WHAT YOU NEED TO DO: Return all of the data exactly as given.

RECORDS FOR THE EXERCISE:
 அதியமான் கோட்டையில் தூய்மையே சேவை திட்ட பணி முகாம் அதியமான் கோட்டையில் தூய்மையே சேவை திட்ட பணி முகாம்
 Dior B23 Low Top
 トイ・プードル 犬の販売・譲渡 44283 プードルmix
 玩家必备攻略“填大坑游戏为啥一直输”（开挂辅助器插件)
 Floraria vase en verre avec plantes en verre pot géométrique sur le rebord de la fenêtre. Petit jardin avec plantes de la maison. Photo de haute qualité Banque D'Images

OUTPUT BELOW:
 அதியமான் கோட்டையில் தூய்மையே சேவை திட்ட பணி முகாம் அதியமான் கோட்டையில் தூய்மையே சேவை திட்ட பணி முகாம்
 Dior B23 Low Top
 トイ・プードル 犬の販売・譲渡 44283 プードルmix
 玩家必备攻略“填大坑游戏为啥一直输”（开挂辅助器插件)
 Floraria vase en verre avec plantes en verre pot géométrique sur le rebord de la fenêtre. Petit jardin avec plantes de la maison. Photo de haute qualité Banque D'Images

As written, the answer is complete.